Em "A Single Man", Tom Ford, enquanto diretor, consegue fazer eu conhecer o mais novo filme favorito de minha vida. O filme é a adaptação da novela de mesmo nome, de Christopher Isherwood, de 1964. Tom, enquanto diretor, desenha a iminente bomba que destruiria tudo de uma guerra que nunca explodiu às vias de regra, e isso nas entrelinhas da fala de um protagonista que discursa sobre o Medo ser sempre a maior ameaça. Esse mesmo Medo, que é grande e tem diversas facetas, foi que, à mentalidade dos anos cinquenta, fez com que a família de seu companheiro o privasse de ir ao seu funeral.

Descobrimos a dor de George mais por suas cenas, e pela atuação incrível de Colin Firth, do que pelos flashbacks de seus momentos com seu parceiro, enquanto ele estava vivo. Nos flashbacks, vemos que oito anos de luto não foram o suficiente para que Geoge se curasse, mas foram o suficiente para que ele decidisse o que deveria fazer da vida até então: encerrar a sua guerra fria particular, que ficava entre a falta de vontade de viver e o suicídio de fato, e passar a planejá-lo da forma mais virginiana possível: minunciosa, com cartas de instruções e de despedidas. É preciso, provavelmente, uma frieza adquirida apenas pela convicção em se matar para poder planejar tão detalhadamente a própria morte - não sujar os colchões, a posição com que atiraria em si mesmo, e a possível forma como cairia no chão. A angústia e a beleza, entretanto, dançam juntas na tela.

Este não é um filme dramalhão. Está mais para um lamento digno de uma bicha às portas da velhice, intelectualíssima, cuja toda força e coragem para viver  - "é hora de enfrentar mais um maldito dia" - se foi com a Segunda Guerra Mundial, com a nova Guerra Fria, e principalmente, com a morte de seu companheiro de dezesseis fucking anos de convivência e amor. Outras tantas coisas perturbam George: a beleza dos homens. Seus corpo, que afinal é vivo, ainda deseja, embora o desejo não seja tão grande quanto a perda das perspectivas.

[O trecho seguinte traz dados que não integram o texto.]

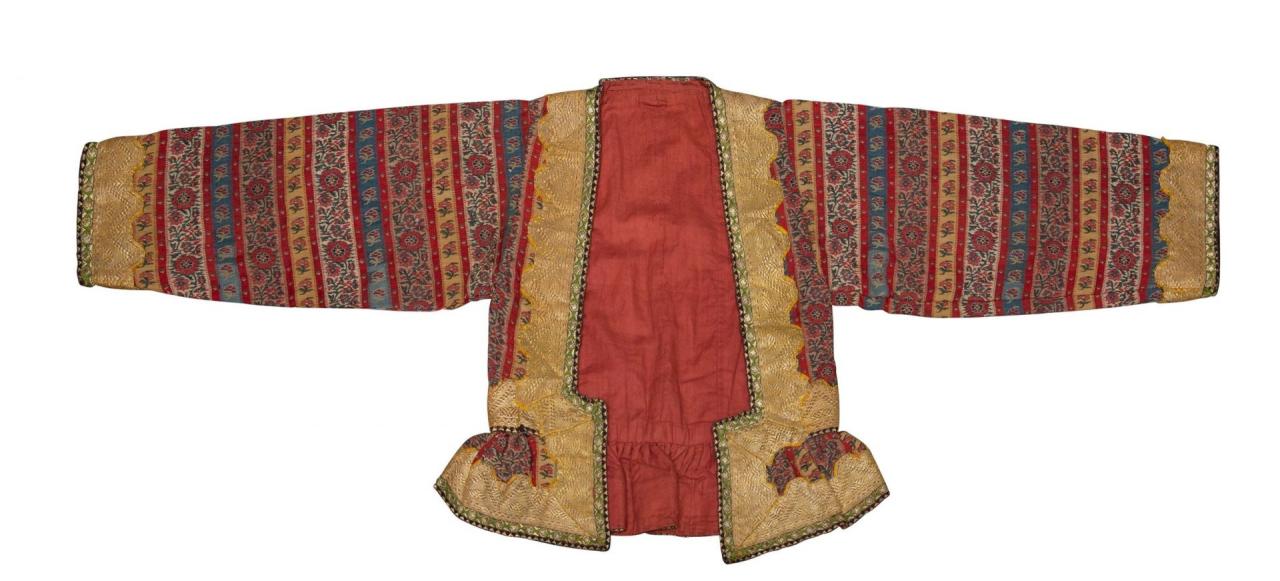 Редкие экспонаты Карабахской одежды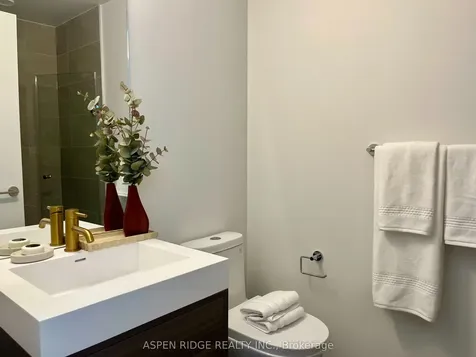 9 Tecumseth Street Toronto ON M5V 0S5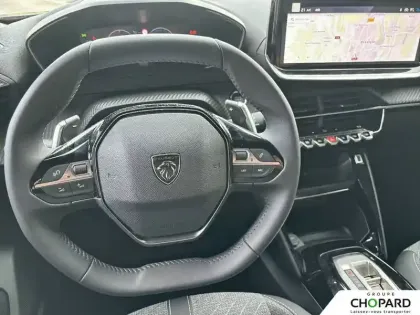 Photo 60 Peugeot 2008  Hybrid 145 e-DCS6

Entre os homens, há um de seus alunos: Kenny, Todas as vezes que ele aparece, assim como todas as vezes que a câmera sai da figura de George, Tom aumenta o contraste das cores, e por alguns instantes o filme não tem mais a temperatura fria e melancólica. Kenny me parece a figura do jovem, do novo, do ingênuo, da, mesmo que clichê, esperança. E está apaixonado por George, seu professor. Talvez seja o fio de vida, a pulsão do que ainda resta para viver e descobrir de vida que faça George não dispensá-lo como dispensa todos os outros rapazes. E é também Kenny que, como um símbolo enganoso, uma armadilha tanto para George quanto para o espectador, engana as nossas expectativas quanto ao destino de George, quanto a sua iminente morte, irrefreável: se George não morrer suicidando-se, morrerá de um ataque do coração. George morre, afinal, como se espera. "Tudo é exatamente como deveria ser": e o que deve ser, aqui, não é sua morte, mas antes dela, e também após, sua ligação sublime a seu companheiro morto, que vem resgatá-lo ao final do filme, numa cena, como todas as outras, linda, linda, linda. "A Single Man" também um filme sobre como seguir com a vida, e como transformar as relações, quando se é imposta pela morte a necessidade de transforma-las; é sobre a perda de um companheiro de dezesseis anos de convívio; e é de fato, sobre seu protagonista, George, ter estado só prolongando o próprio destino.